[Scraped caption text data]
====================

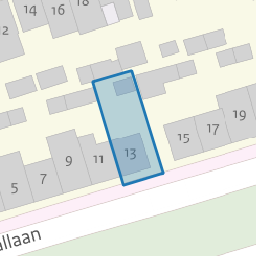 Perceel TIE00-C-9394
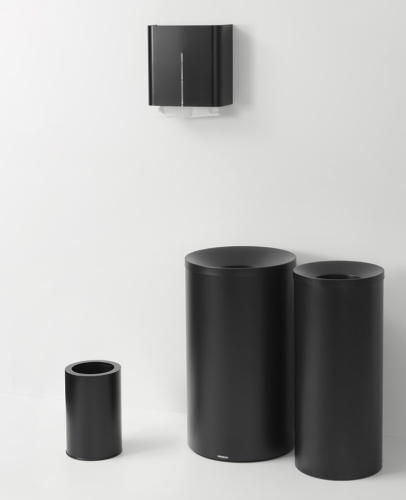 Мусорный бак с внутренним ведром Decor Walther DW 230 0615560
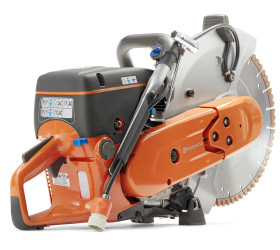 Przecinarka spalinowa HUSQVARNA K770 14"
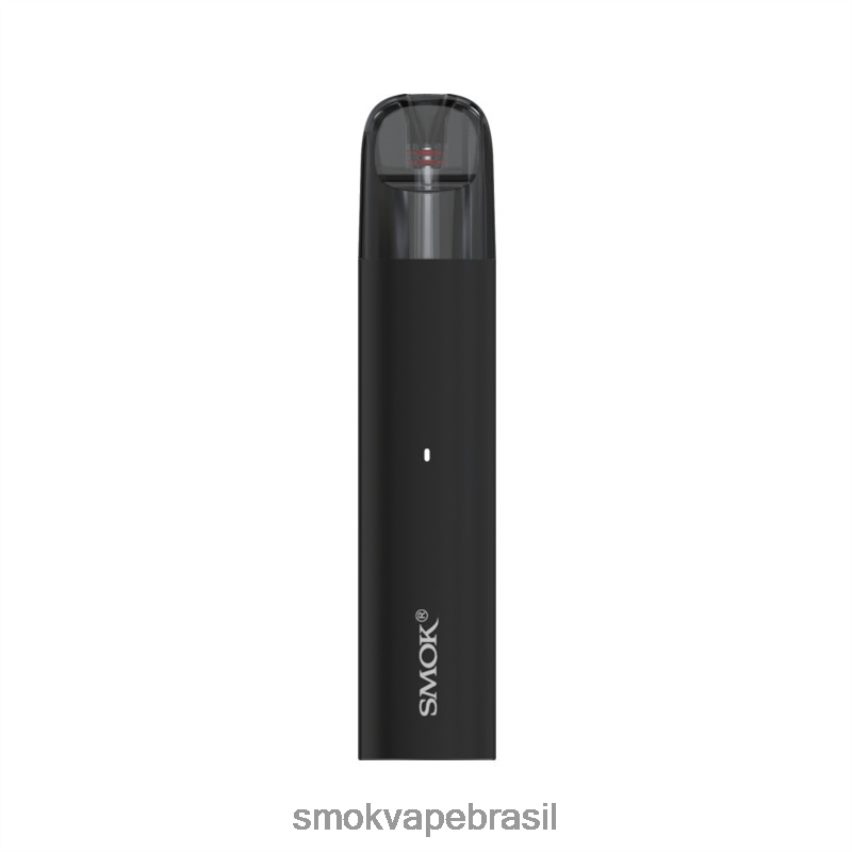 SMOK Solus preto conjunto 6J6L2Z146 | SMOK Vape Mercado Livre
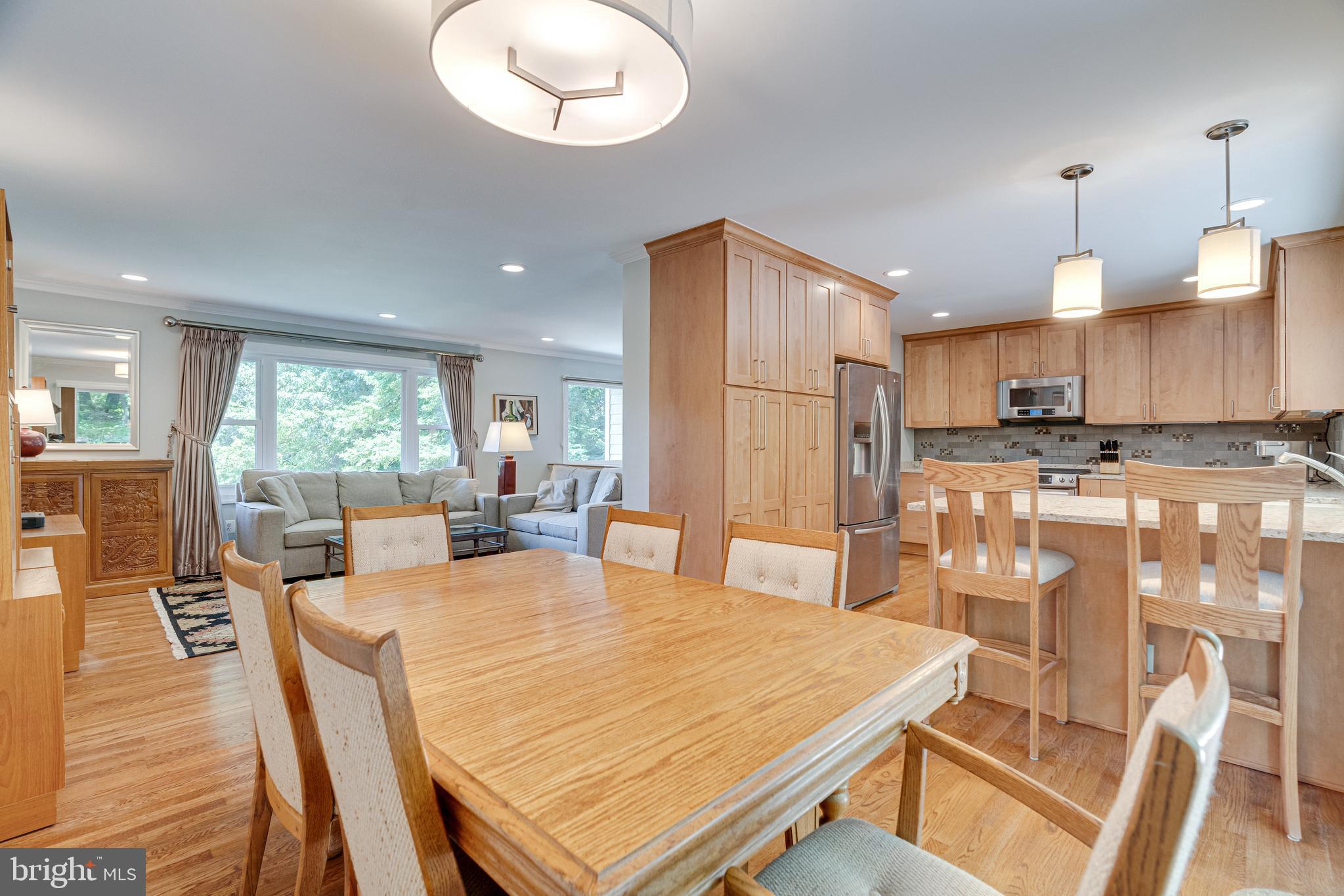 TYSONS GREEN - Residential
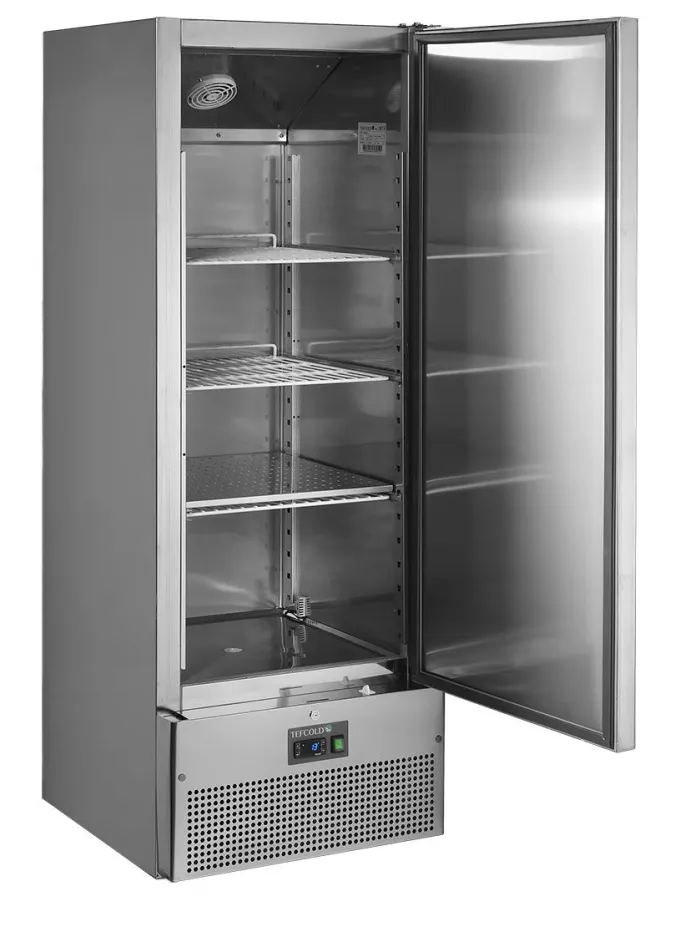 Armoire réfrigérée professionnelle verrou - TEFCOLD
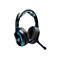 Lexip x Tsume Naruto Shippuden Kakashi - Headset - ohrumschließend - Bluetooth - kabelgebunden, kabellos - USB-C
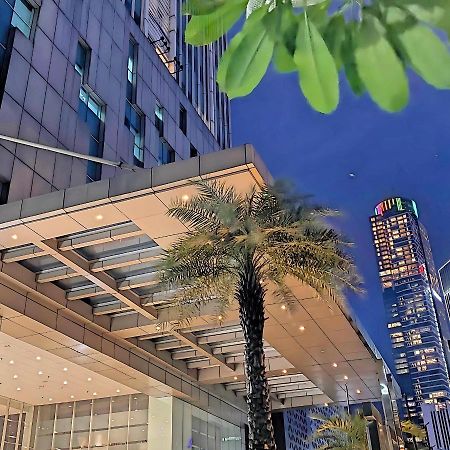 Habitare Rasuna Jakarta Exterior photo
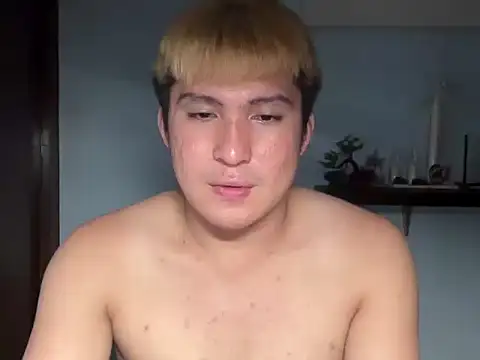 Kingdirtyfog Pertunjukan Webcam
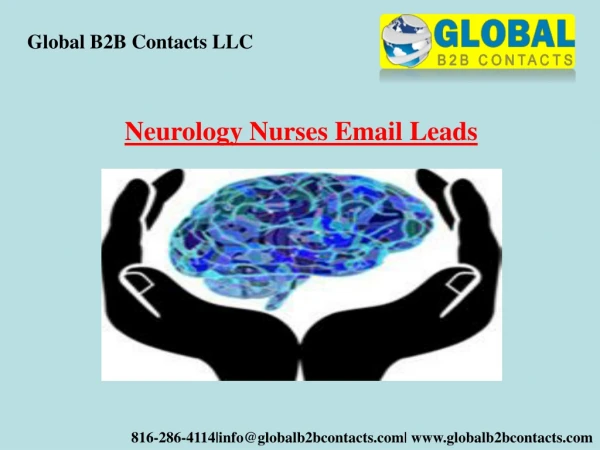 global b2b contacts llc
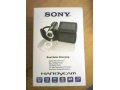 Продаю цифровую видеокамеру SONY ! в городе Санкт-Петербург, фото 1, Ленинградская область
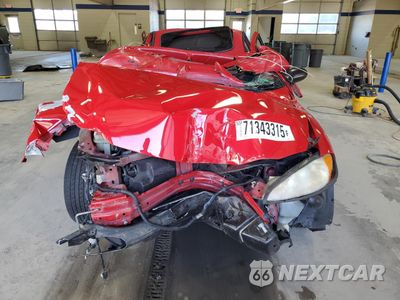 Piąte zdjęcie samochodu w środku: 2005 PONTIAC GRAND AM GT1 VIN:1G2NV12E85M185991 - miniatura
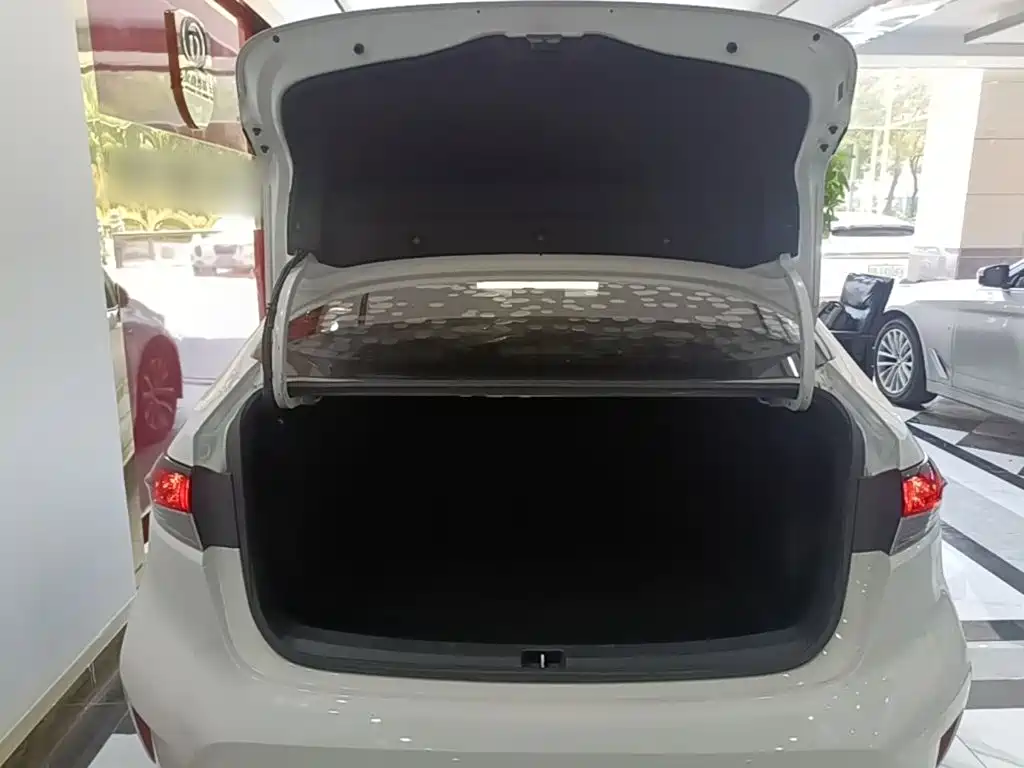 Toyota Levin — миниатюра 19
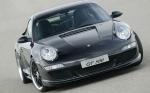 Porsche 911 GT500 BiTurbo by Gemballa 2006 года
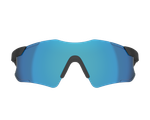 Спортивные очки 720armour Elfo / Matte Black / Blue Lens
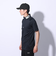 オークリー（OAKLEY）OPERATIVE 半袖ジップ モックネックシャツ FOA406593-02E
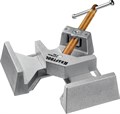 KRAFTOOL EXTREM C90 глубина зажима 90 мм, Экстрамощная стальная угловая струбцина для сварочных работ (32201) 6639011
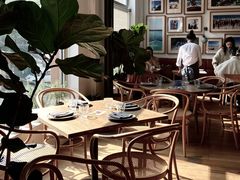 大堂-BOR Eatery(安福路店)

====================

**HOW TO COMPLETE THIS TASK:** With the pictures removed from your copy, retype the lines above from the one that contains "Мусорный бак с" through the one that contains "Lexip x Tsume", exactly.

**SOLUTION TO THIS EXERCISE:**
 Мусорный бак с внутренним ведром Decor Walther DW 230 0615560
 Przecinarka spalinowa HUSQVARNA K770 14"
 SMOK Solus preto conjunto 6J6L2Z146 | SMOK Vape Mercado Livre
 TYSONS GREEN - Residential
 Armoire réfrigérée professionnelle verrou - TEFCOLD
 Lexip x Tsume Naruto Shippuden Kakashi - Headset - ohrumschließend - Bluetooth - kabelgebunden, kabellos - USB-C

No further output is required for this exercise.